Stored data
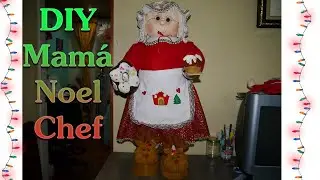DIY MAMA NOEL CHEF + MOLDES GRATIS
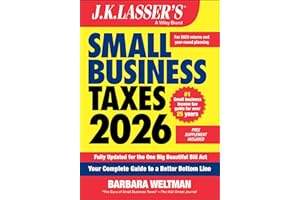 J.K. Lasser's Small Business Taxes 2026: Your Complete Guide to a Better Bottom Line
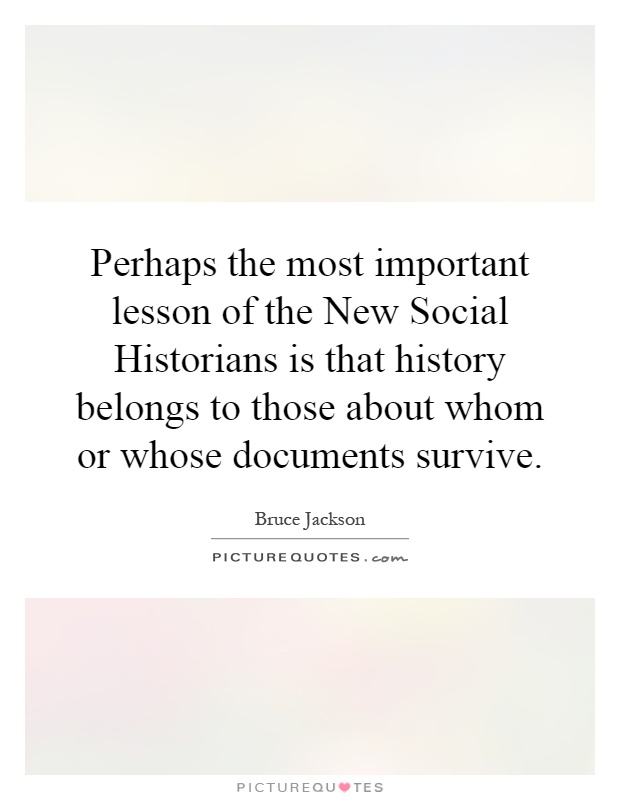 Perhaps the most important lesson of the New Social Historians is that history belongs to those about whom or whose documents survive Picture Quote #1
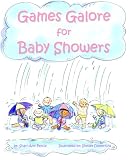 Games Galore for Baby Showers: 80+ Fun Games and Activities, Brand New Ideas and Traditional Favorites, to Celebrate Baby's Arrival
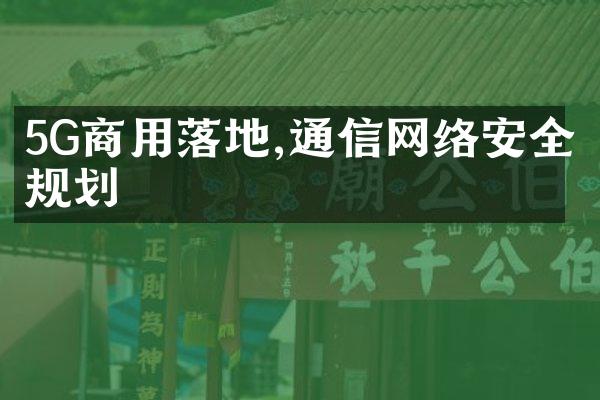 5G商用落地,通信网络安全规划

...

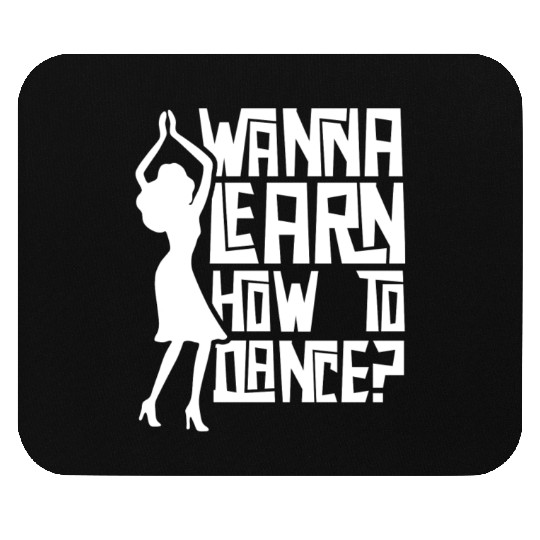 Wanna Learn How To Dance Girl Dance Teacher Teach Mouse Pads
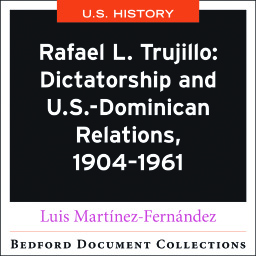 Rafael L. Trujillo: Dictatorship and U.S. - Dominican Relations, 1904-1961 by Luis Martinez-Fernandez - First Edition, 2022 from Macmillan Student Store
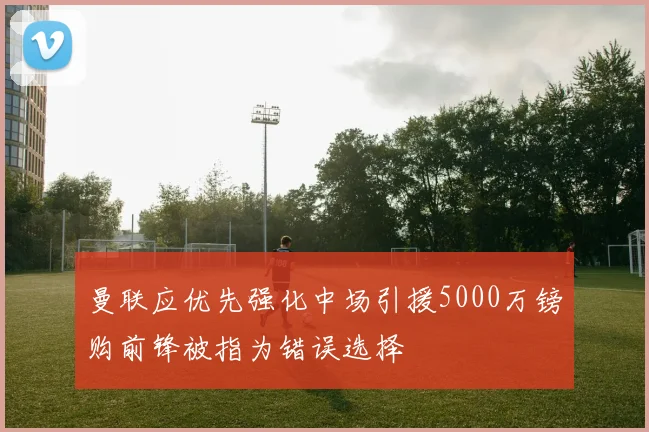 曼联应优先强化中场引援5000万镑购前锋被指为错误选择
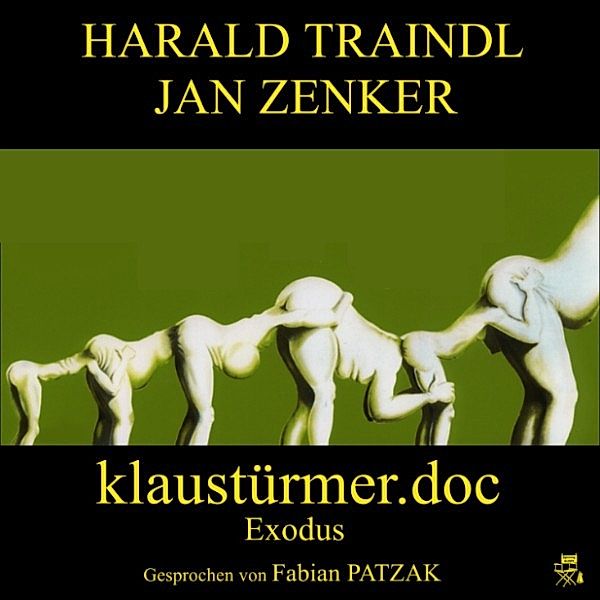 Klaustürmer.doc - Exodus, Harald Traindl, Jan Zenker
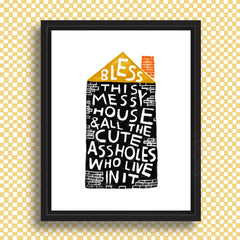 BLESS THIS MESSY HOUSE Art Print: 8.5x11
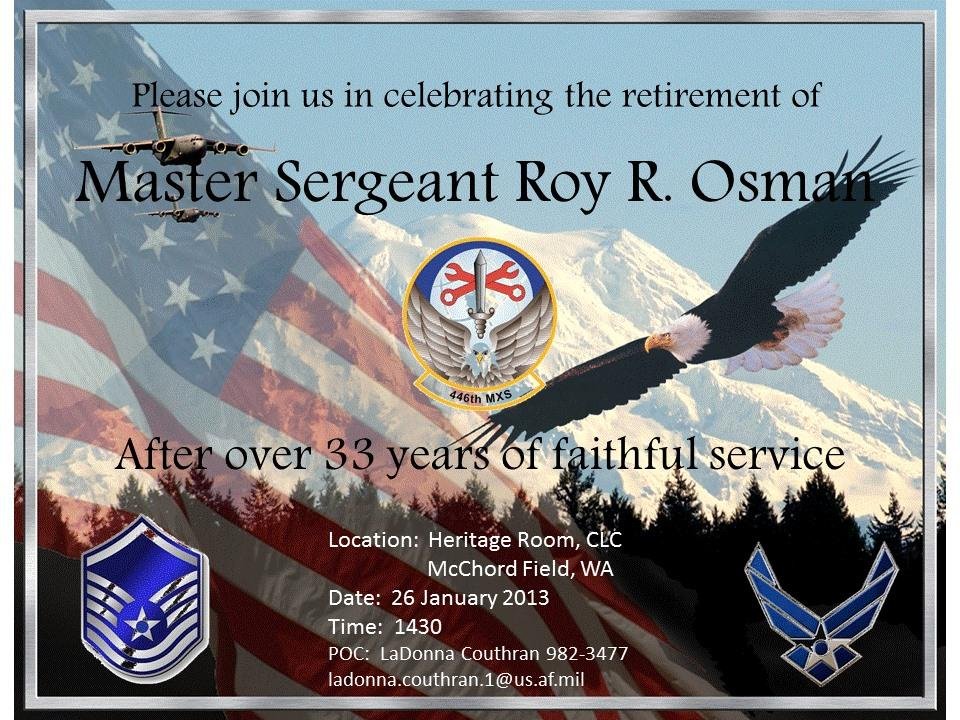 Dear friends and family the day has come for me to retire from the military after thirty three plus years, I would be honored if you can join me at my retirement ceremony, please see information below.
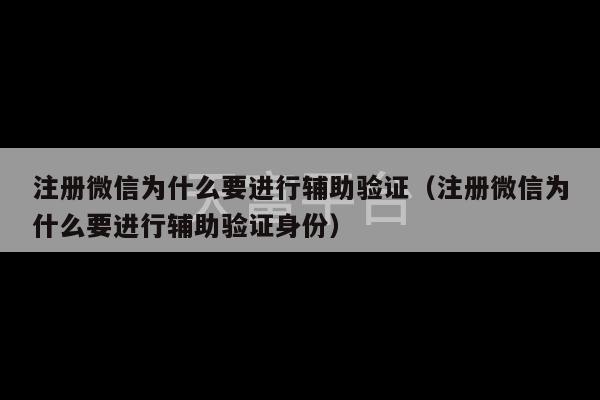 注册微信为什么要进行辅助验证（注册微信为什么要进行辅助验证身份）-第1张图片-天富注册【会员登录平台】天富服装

● Exercise directions: Print nothing but the lines above starting with the line that contains "J.K. Lasser's Small" and going on through the line that contains "Perhaps the most". Leave out the pictures.

● Result:
 J.K. Lasser's Small Business Taxes 2026: Your Complete Guide to a Better Bottom Line
 Perhaps the most important lesson of the New Social Historians is that history belongs to those about whom or whose documents survive Picture Quote #1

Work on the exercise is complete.